But you also know the other feeling: You meet someone, you try to be friendly, to make a good impression but everything goes wrong. There are uncomfortable silences. You fish for topics. You bump into each other as you both start at once and then both stop. You try to lighten the mood and he looks as if you punched him in the stomach. Whatever you do to make things better makes them worse.

If conversation always followed the first pattern, I wouldn’t have to write this article. If it always followed the second, no one would ever talk to anyone and nothing would get done. Talk is mostly somewhere in the middle. Sometimes what people say seems to make perfect sense and sometimes it sounds a little odd. If someone doesn’t quite get our point, we let it go, the talk continues, and no one pays much attention.

But if an important outcome hangs on the conversation—if it’s a job interview or a business meeting—the results can be very serious. And if the conversation is with the most important person in your life, the little hitches can become big ones. Then, you can’t not pay attention.

If this happens all the time—at home, at work, or in routine day-to-day encounters, so that you feel misunderstood all the time and never quite understand what others are getting at—you start to doubt your own ability, or even your sanity.

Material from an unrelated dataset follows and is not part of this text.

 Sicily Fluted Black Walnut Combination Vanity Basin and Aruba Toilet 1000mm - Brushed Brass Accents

Sometimes what people say seems to make perfect sense and sometimes it sounds a little odd

For example, Natasha is applying for a job as office manager at the headquarters of an ice-cream distributor—a position she’s well qualified for. Her last job, although it was called ‘administrative assistant’, actually involved running the whole office, and she did a great job. But at the interview, she never gets a chance to explain this. The interviewer does all the talking, Natasha leaves feeling frustrated—and she doesn’t get the job. Or at home: Tina and Ajay have a good marriage. They love each other and are quite happy. But a recurring source of tension is that Tina often feels that Ajay doesn’t really listen to her. He asks her a question, but before she can answer, he asks another—or starts to answer it himself. When they get together with Ajay’s friends, the conversation goes so fast, Tina can’t get a word in edgewise. Afterwards, Ajay complains that she was too quiet, though she certainly isn’t quiet when she gets together with her friends. Ajay thinks it’s because she doesn’t like his friends, but the only reason Tina doesn’t like them is that she feels they ignore her—and she can’t find a way to get into their conversation.

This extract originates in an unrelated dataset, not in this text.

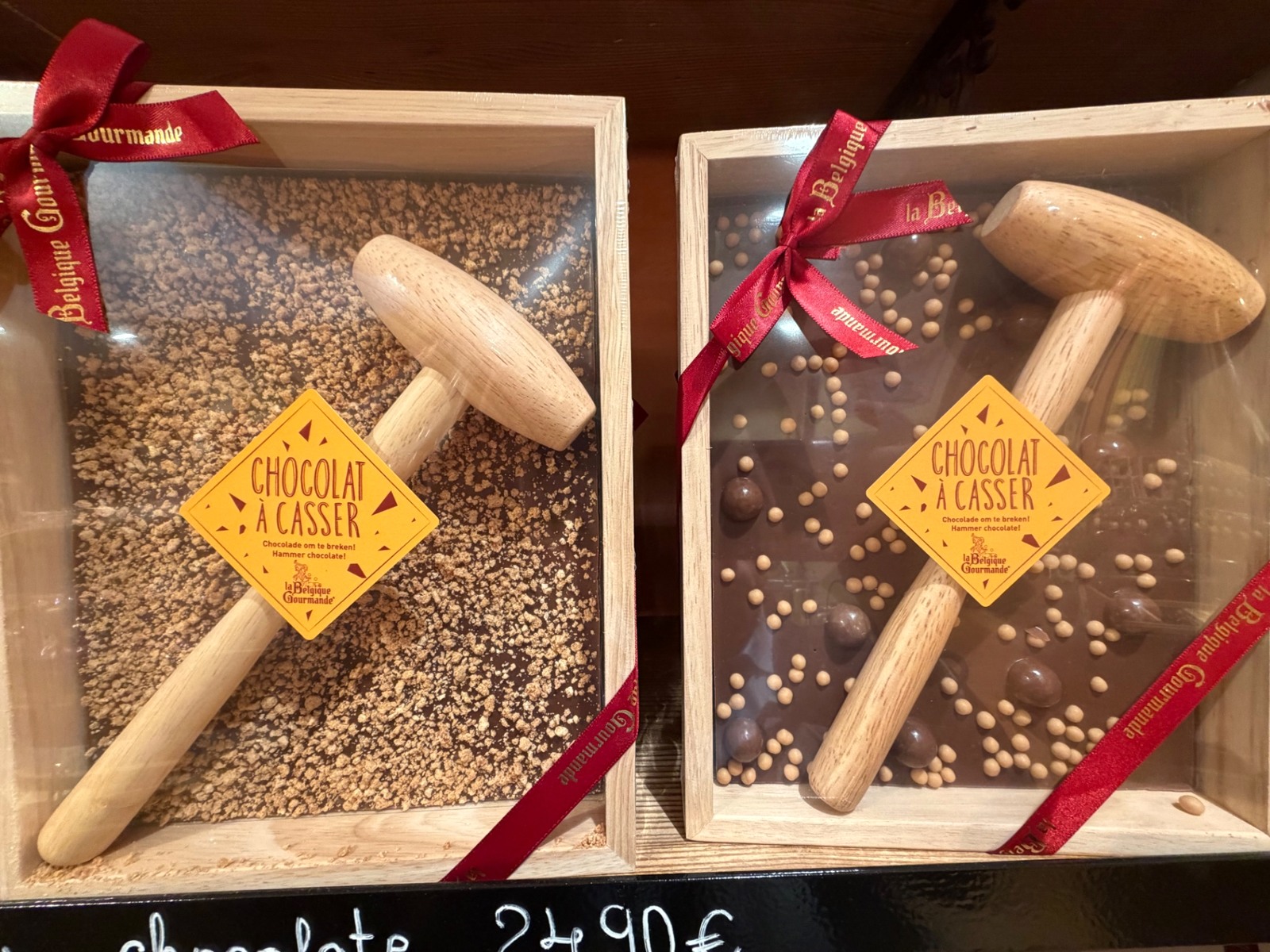 Breakable chocolate slabs with wooden mallets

Sometimes strains in a conversation reflect real differences between people: they are angry with each other; they really are at cross-purposes. But sometimes strains and kinks develop when there really are no basic differences of opinion, when everyone is sincerely trying to get along. This is the type of miscommunication that drives people crazy. And it is usually caused by differences in conversational style. To say something and see it taken to mean something else; to try to be helpful and be thought pushy; to try to be considerate and be called cold; to try to establish a rhythm so that talk will glide effortlessly about the room, only to end up feeling like a conversational clod who can’t pickup the beat—such failure at talk undermines one’s sense of competence and of being a right sort of person.

Kiran’s mother-in-law had the habit of coming to visit with her dog: a cute but nervous and not yet house-trained little creature who barked at Kiran’s dog and caused a general ruckus. Kiran tried politely to let her mother-in-law know that she didn’t want her to bring the dog. She said, “You shouldn’t bring your dog because it’s not fair to him. He gets upset and barks at our dog, and then you have to lock him up, so he’s not comfortable.” The mother-in-law thanked Kiran for her concern but assured her that the dog was fine during the visits. So Kiran had to be more direct and say that she didn’t like having the dog there. The mother-in-law didn’t take offence, but Kiran was angry because she felt her mother-in-law had forced her to be rude. She complained to her husband, Dev, “Why do I always have to spell things out for her?”

It wasn’t until Kiran heard my explanation of indirectness that it occurred to her that the problem was different conversational styles rather than her mother-in-law’s obstinate character. She saw for the first time that what she had thought of as being polite was actually indirect and possibly not clear communication. For his part, Dev often offended and upset Kiran’s mother by being too direct, by saying For example, “I don’t want to do that” instead of “Well, I’ll see what I can do,” refusing only after giving the impression of having tried.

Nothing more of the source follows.